France | France, Conseil d'État, 2ème chambre, 20 juillet 2023, 468686


Vu la procédure suivante :

La société Free Mobile a demandé au juge des référés du tribunal administratif de Toulon, statuant sur le fondement de l'article L. 521-1 du code de justice administrative, de suspendre l'exécution de l'arrêté du 10 juin 2022 par lequel le maire de la commune de La Garde (Var) s'est opposé à sa déclaration préalable de travaux portant sur l'implantation d'une station de radiotéléphonie mobile et d'y faire droit ou de procéder à une nouvelle instruction de sa demande dans un délai d'un mois, sous astreinte de 500 euros par jour de retard. >
Par une ordonnance n° 2202701 du 19 octobre 2022, le juge des référés du ...

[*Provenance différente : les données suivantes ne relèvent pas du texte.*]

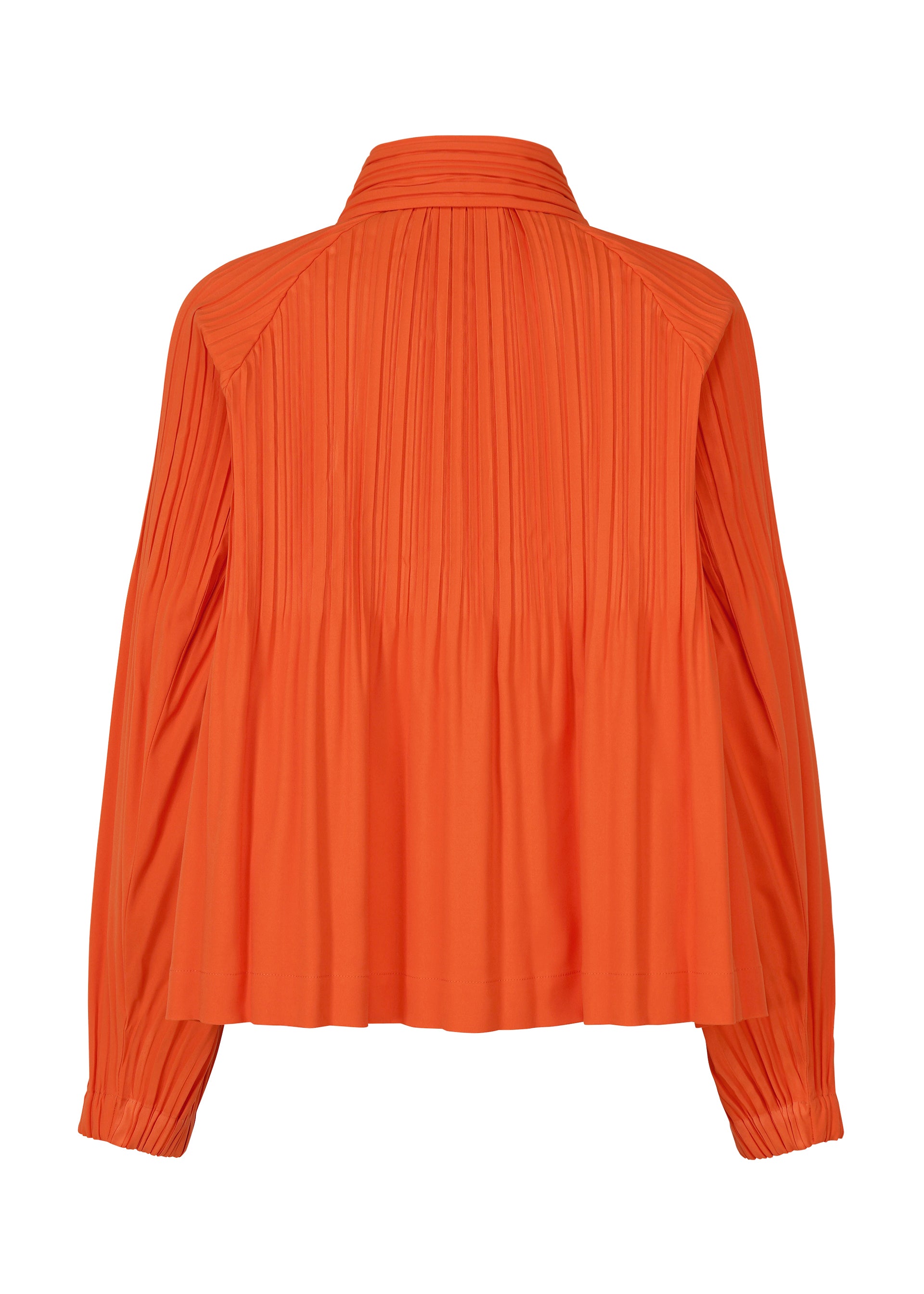 SMOOTH COAT – isseymiyake.com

Vu la procédure suivante :

La société Free Mobile a demandé au juge des référés du tribunal administratif de Toulon, statuant sur le fondement de l'article L. 521-1 du code de justice administrative, de suspendre l'exécution de l'arrêté du 10 juin 2022 par lequel le maire de la commune de La Garde (Var) s'est opposé à sa déclaration préalable de travaux portant sur l'implantation d'une station de radiotéléphonie mobile et d'y faire droit ou de procéder à une nouvelle instruction de sa demande dans un délai d'un mois, sous astreinte de 500 euros par jour de retard.

Par une ordonnance n° 2202701 du 19 octobre 2022, le juge des référés du tribunal administratif de Toulon a rejeté sa demande.

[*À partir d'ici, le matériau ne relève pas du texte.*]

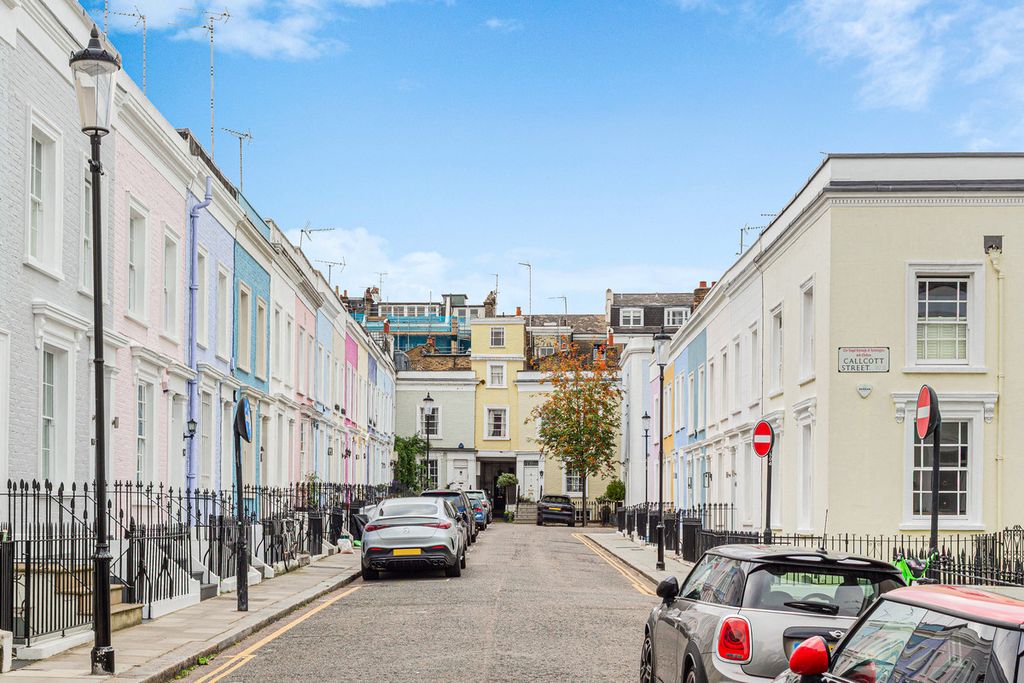 Property photo 3 of 3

Par un pourvoi sommaire et un mémoire complémentaire et un nouveau mémoire, enregistrés les 3 et 17 novembre 2022 et le 19 juin 2023 au secrétariat du contentieux du Conseil d'Etat, la société Free Mobile demande au Conseil d'Etat :

1°) d'annuler cette ordonnance ;

2°) statuant en référé, de faire droit à ses conclusions ;

3°) de mettre à la charge de la commune de La Garde la somme de 4 000 euros au titre de l'article L. 761-1 du code de justice administrative.

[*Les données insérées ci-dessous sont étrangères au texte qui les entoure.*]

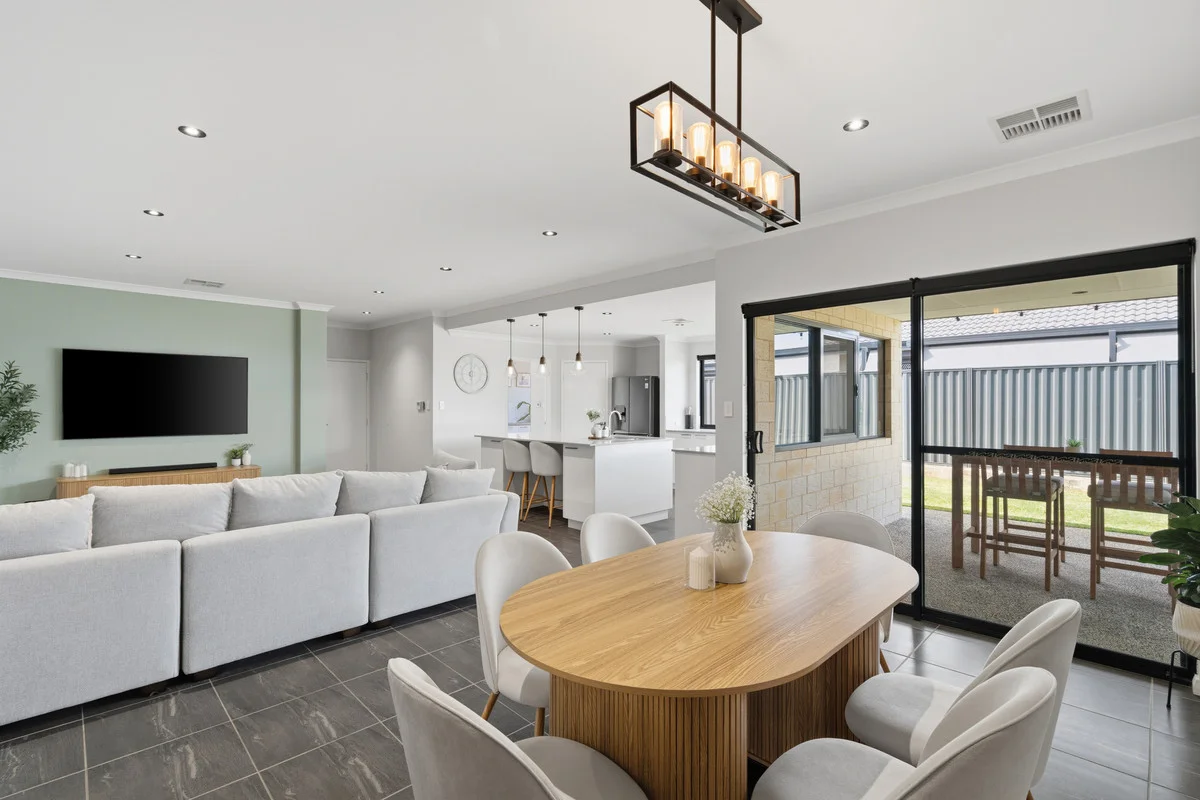 Additional image 7 of 30 Broadhurst Avenue, Ravenswood WA 6208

Vu les autres pièces du dossier ;

Vu :

- le code de l'urbanisme ;

- le code de justice administrative ;

Après avoir entendu en séance publique :

- le rapport de M. Julien Eche, maître des requêtes,

- les conclusions de M. Clément Malverti, rapporteur public,

La parole ayant été donnée, après les conclusions, à la SCP Spinosi, avocat de la société Free Mobile, et à la SCP L. Poulet-Odent, avocat de la commune de La Garde ;

Considérant ce qui suit :

1. Aux termes de l'article L. 521-1 du code de justice administrative : " Quand une décision administrative, même de rejet, fait l'objet d'une requête en annulation ou en réformation, le juge des référés, saisi d'une demande en ce sens, peut ordonner la suspension de l'exécution de cette décision, ou de certains de ses effets, lorsque l'urgence le justifie et qu'il est fait état d'un moyen propre à créer, en l'état de l'instruction, un doute sérieux quant à la légalité de la décision (...) ".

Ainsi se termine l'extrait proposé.